» **Prompt**:
Please print the data that follows, keeping every line exact.

» **Supplied entries**:
>>>

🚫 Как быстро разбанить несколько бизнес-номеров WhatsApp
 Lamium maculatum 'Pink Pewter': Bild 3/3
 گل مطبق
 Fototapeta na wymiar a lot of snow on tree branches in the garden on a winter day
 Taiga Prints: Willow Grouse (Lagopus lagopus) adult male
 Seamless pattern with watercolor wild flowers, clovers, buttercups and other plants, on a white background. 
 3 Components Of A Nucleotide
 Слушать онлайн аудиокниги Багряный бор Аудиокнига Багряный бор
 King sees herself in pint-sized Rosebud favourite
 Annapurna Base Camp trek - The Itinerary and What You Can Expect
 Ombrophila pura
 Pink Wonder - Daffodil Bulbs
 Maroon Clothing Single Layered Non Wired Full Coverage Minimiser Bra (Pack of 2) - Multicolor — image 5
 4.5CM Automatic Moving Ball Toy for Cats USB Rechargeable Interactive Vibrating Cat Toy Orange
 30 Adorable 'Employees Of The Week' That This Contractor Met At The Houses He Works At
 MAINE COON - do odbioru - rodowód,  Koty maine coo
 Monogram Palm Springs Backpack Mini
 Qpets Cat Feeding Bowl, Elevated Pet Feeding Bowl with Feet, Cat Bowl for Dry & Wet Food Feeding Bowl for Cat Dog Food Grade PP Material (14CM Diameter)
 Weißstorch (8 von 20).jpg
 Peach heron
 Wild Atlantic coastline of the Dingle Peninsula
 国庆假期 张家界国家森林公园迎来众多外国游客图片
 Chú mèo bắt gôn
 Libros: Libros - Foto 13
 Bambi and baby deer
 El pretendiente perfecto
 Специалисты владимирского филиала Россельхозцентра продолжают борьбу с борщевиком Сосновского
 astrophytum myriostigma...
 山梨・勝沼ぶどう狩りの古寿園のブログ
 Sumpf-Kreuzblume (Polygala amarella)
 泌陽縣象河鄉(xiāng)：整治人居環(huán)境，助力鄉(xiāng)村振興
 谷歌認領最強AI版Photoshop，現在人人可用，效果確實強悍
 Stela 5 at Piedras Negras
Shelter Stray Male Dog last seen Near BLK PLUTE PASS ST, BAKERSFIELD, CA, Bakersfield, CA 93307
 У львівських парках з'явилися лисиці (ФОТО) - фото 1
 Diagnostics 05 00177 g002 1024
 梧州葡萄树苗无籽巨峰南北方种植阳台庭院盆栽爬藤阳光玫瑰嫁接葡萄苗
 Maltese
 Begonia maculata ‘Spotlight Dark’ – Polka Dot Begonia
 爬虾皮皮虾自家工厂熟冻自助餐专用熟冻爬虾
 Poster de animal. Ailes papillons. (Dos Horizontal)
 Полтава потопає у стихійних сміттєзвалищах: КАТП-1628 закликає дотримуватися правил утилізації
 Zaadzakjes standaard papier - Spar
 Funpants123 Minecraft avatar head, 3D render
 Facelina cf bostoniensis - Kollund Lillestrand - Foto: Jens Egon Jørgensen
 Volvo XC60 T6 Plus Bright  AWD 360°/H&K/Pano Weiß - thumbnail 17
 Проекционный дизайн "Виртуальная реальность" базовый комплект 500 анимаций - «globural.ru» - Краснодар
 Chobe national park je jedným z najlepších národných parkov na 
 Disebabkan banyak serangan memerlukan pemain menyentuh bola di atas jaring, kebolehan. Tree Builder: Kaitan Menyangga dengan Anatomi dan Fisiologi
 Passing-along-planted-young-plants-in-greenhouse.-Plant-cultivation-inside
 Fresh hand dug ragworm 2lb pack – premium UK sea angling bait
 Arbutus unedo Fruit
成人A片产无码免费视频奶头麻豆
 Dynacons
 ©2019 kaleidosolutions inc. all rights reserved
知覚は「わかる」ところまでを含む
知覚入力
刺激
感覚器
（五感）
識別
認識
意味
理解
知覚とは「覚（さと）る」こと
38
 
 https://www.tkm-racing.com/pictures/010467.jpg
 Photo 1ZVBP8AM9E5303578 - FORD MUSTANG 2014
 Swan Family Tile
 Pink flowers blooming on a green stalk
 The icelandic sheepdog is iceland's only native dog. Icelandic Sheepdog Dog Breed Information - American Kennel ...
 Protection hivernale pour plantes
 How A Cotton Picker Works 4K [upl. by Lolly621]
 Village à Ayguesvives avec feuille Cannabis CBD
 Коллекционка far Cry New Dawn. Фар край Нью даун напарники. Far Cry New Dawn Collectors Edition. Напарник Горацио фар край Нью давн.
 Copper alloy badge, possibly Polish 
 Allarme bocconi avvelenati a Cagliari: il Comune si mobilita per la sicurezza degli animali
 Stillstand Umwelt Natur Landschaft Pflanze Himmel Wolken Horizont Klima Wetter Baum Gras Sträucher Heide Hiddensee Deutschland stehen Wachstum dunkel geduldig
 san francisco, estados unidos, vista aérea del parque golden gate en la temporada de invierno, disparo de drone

<<<

» **Solution to this exercise**:
🚫 Как быстро разбанить несколько бизнес-номеров WhatsApp
 Lamium maculatum 'Pink Pewter': Bild 3/3
 گل مطبق
 Fototapeta na wymiar a lot of snow on tree branches in the garden on a winter day
 Taiga Prints: Willow Grouse (Lagopus lagopus) adult male
 Seamless pattern with watercolor wild flowers, clovers, buttercups and other plants, on a white background. 
 3 Components Of A Nucleotide
 Слушать онлайн аудиокниги Багряный бор Аудиокнига Багряный бор
 King sees herself in pint-sized Rosebud favourite
 Annapurna Base Camp trek - The Itinerary and What You Can Expect
 Ombrophila pura
 Pink Wonder - Daffodil Bulbs
 Maroon Clothing Single Layered Non Wired Full Coverage Minimiser Bra (Pack of 2) - Multicolor — image 5
 4.5CM Automatic Moving Ball Toy for Cats USB Rechargeable Interactive Vibrating Cat Toy Orange
 30 Adorable 'Employees Of The Week' That This Contractor Met At The Houses He Works At
 MAINE COON - do odbioru - rodowód,  Koty maine coo
 Monogram Palm Springs Backpack Mini
 Qpets Cat Feeding Bowl, Elevated Pet Feeding Bowl with Feet, Cat Bowl for Dry & Wet Food Feeding Bowl for Cat Dog Food Grade PP Material (14CM Diameter)
 Weißstorch (8 von 20).jpg
 Peach heron
 Wild Atlantic coastline of the Dingle Peninsula
 国庆假期 张家界国家森林公园迎来众多外国游客图片
 Chú mèo bắt gôn
 Libros: Libros - Foto 13
 Bambi and baby deer
 El pretendiente perfecto
 Специалисты владимирского филиала Россельхозцентра продолжают борьбу с борщевиком Сосновского
 astrophytum myriostigma...
 山梨・勝沼ぶどう狩りの古寿園のブログ
 Sumpf-Kreuzblume (Polygala amarella)
 泌陽縣象河鄉(xiāng)：整治人居環(huán)境，助力鄉(xiāng)村振興
 谷歌認領最強AI版Photoshop，現在人人可用，效果確實強悍
 Stela 5 at Piedras Negras
Shelter Stray Male Dog last seen Near BLK PLUTE PASS ST, BAKERSFIELD, CA, Bakersfield, CA 93307
 У львівських парках з'явилися лисиці (ФОТО) - фото 1
 Diagnostics 05 00177 g002 1024
 梧州葡萄树苗无籽巨峰南北方种植阳台庭院盆栽爬藤阳光玫瑰嫁接葡萄苗
 Maltese
 Begonia maculata ‘Spotlight Dark’ – Polka Dot Begonia
 爬虾皮皮虾自家工厂熟冻自助餐专用熟冻爬虾
 Poster de animal. Ailes papillons. (Dos Horizontal)
 Полтава потопає у стихійних сміттєзвалищах: КАТП-1628 закликає дотримуватися правил утилізації
 Zaadzakjes standaard papier - Spar
 Funpants123 Minecraft avatar head, 3D render
 Facelina cf bostoniensis - Kollund Lillestrand - Foto: Jens Egon Jørgensen
 Volvo XC60 T6 Plus Bright  AWD 360°/H&K/Pano Weiß - thumbnail 17
 Проекционный дизайн "Виртуальная реальность" базовый комплект 500 анимаций - «globural.ru» - Краснодар
 Chobe national park je jedným z najlepších národných parkov na 
 Disebabkan banyak serangan memerlukan pemain menyentuh bola di atas jaring, kebolehan. Tree Builder: Kaitan Menyangga dengan Anatomi dan Fisiologi
 Passing-along-planted-young-plants-in-greenhouse.-Plant-cultivation-inside
 Fresh hand dug ragworm 2lb pack – premium UK sea angling bait
 Arbutus unedo Fruit
成人A片产无码免费视频奶头麻豆
 Dynacons
 ©2019 kaleidosolutions inc. all rights reserved
知覚は「わかる」ところまでを含む
知覚入力
刺激
感覚器
（五感）
識別
認識
意味
理解
知覚とは「覚（さと）る」こと
38
 
 https://www.tkm-racing.com/pictures/010467.jpg
 Photo 1ZVBP8AM9E5303578 - FORD MUSTANG 2014
 Swan Family Tile
 Pink flowers blooming on a green stalk
 The icelandic sheepdog is iceland's only native dog. Icelandic Sheepdog Dog Breed Information - American Kennel ...
 Protection hivernale pour plantes
 How A Cotton Picker Works 4K [upl. by Lolly621]
 Village à Ayguesvives avec feuille Cannabis CBD
 Коллекционка far Cry New Dawn. Фар край Нью даун напарники. Far Cry New Dawn Collectors Edition. Напарник Горацио фар край Нью давн.
 Copper alloy badge, possibly Polish 
 Allarme bocconi avvelenati a Cagliari: il Comune si mobilita per la sicurezza degli animali
 Stillstand Umwelt Natur Landschaft Pflanze Himmel Wolken Horizont Klima Wetter Baum Gras Sträucher Heide Hiddensee Deutschland stehen Wachstum dunkel geduldig
 san francisco, estados unidos, vista aérea del parque golden gate en la temporada de invierno, disparo de drone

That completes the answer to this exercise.